The Apache HBase blog has a post about adding support for data types to HBase. If you've worked with HBase, you're familiar with translating your objects to and from byte[], which is the only data type that the HBase API supports. After getting through some information theory and clarifying the statement "HBase is a database," the post talks about proposals for new data encoding and data type APIs in HBase.


Cloudera has launched a new medium for discussing and asking for help with Cloudera software -- the Cloudera community forums. The forums aim to compliment existing solutions such as the various mailing lists that Cloudera runs.

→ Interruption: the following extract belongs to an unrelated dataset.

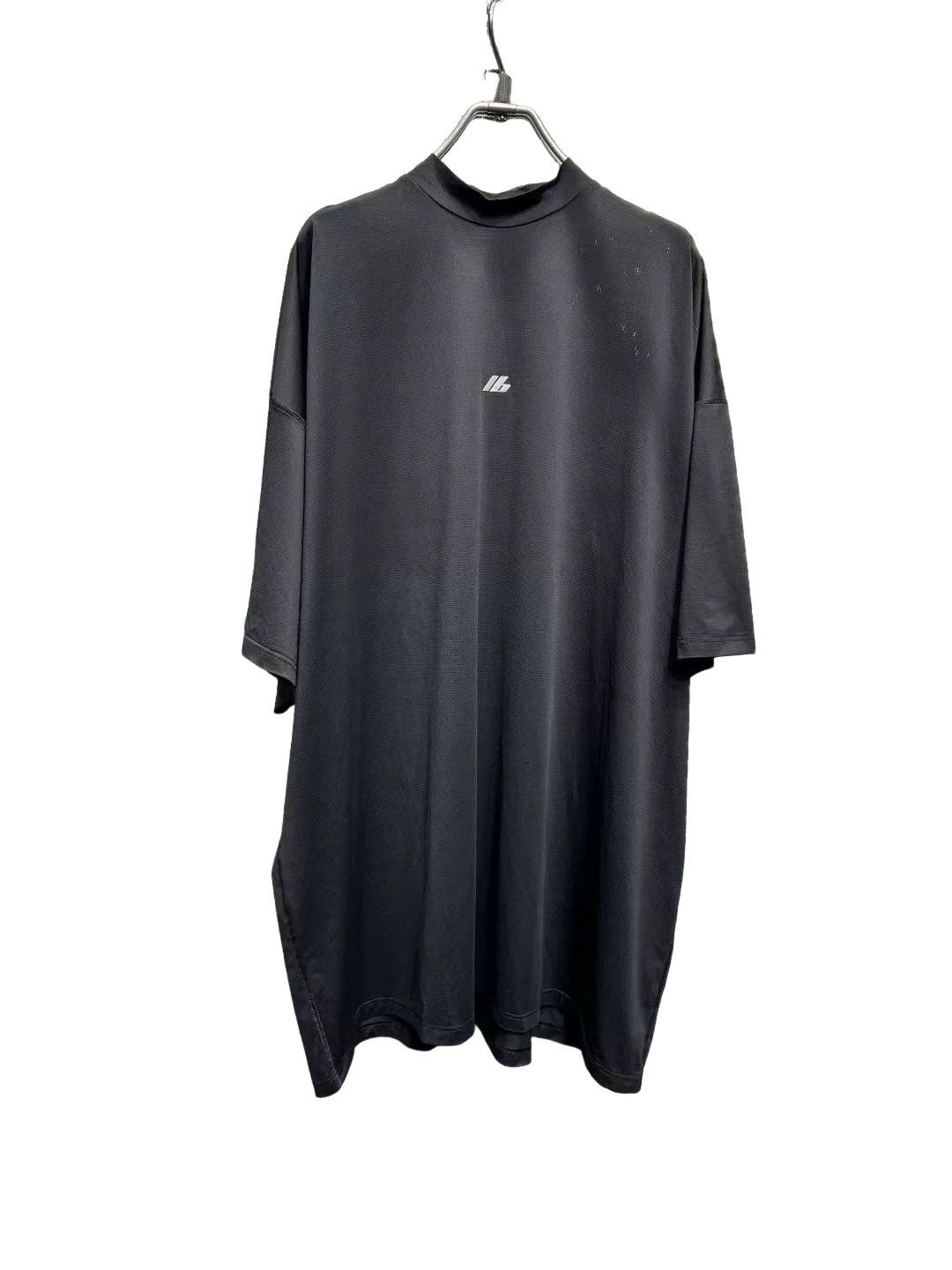 Balenciaga Balenciaga Reflective Logo Technical Mesh T-Shirt Size M Size US M / EU 48-50 / 2 - 1 Thumbnail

Transparency Market Research is expecting the Hadoop market to reach $20.9 Billion by 2018 (based upon a market of $1.5 billion in 2012 and a cumulative annual growth rate of 54.7%). The article notes that the lack of qualified Hadoop experts and the lack of awareness in large and mid-sized business will hamper adoption. But they expect growth in the telecommunications industries and Europe to accelerate in the next few years. The report also covers some of the major players in the field, and what to expect from them in the next few years.

GridGain, who offers an In-Memory Computing platform, announced that they've raised $10M in Series B funding. GridGain seems to be focussing on real-time processing, but they also offer a Hadoop-compatible file system called GridGain FS which provides performance improvements by keeping data in memory (all data or some data acting as a read/write through cache).


Parquet, a columnar storage system for Hadoop, hit version 1.0 this week. The artifacts are available on maven central, and it includes compatibility with the key players in the Hadoop ecosystem. Specifically, Parquet 1.0 supports: MapReduce, Pig, Hive, Cascading, and Impala across Hadoop versions 1.0 and 2.0. It has support for working with Avro and Thrift records, dictionary encoding, and bit-packing/run-length encoding. There were 18 contributors to the codebase leading up to this release.

Version 0.5.0 of the Cloudera Development Kit was released. It has several new features and improvements such as the ability to run examples on the host machine without a VM, the ability to parse xml and html input, and an upgrade to parquet 1.0.0 and Crunch 0.7.0.

The Hadoop 1.x line hit its first stable release since February with this week's release of 1.2.1. The release contains 18 bug fixes atop the 1.2.0 release. The 1.2 line features a number of enhancements over 1.1.x line including: back ports of DistCp v2 and the Offline Image Viewer, WebHDFS enhancements, and web services for the JobTracker.